* **DIRECTIONS FOR THIS TASK**:
Leave out the pictures and retype exactly the lines from the line with "ヴァンベール中島のセキュリティ" through the end of the listing below.

* **DATASET EXTRACT**:
● ● ● ● ● ● ●
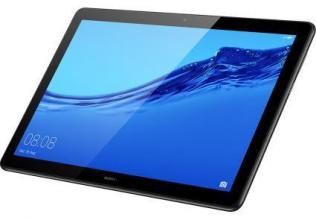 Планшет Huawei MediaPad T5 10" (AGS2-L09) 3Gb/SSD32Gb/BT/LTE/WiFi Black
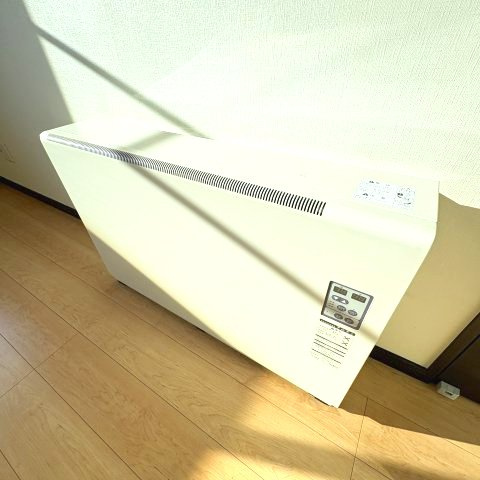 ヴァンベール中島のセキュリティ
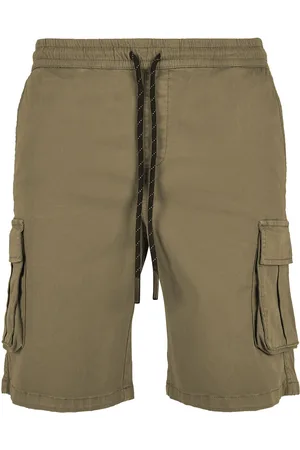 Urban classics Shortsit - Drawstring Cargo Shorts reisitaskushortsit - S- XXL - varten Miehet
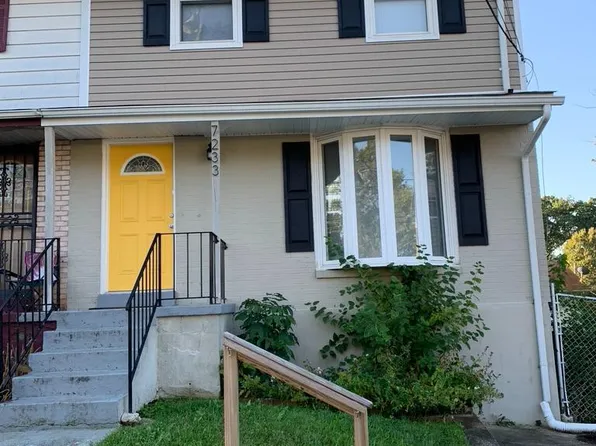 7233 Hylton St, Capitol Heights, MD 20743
● ● ● ● ● ● ●
* **OUTPUT OF THE EXERCISE**:
 ヴァンベール中島のセキュリティ
 Urban classics Shortsit - Drawstring Cargo Shorts reisitaskushortsit - S- XXL - varten Miehet
 7233 Hylton St, Capitol Heights, MD 20743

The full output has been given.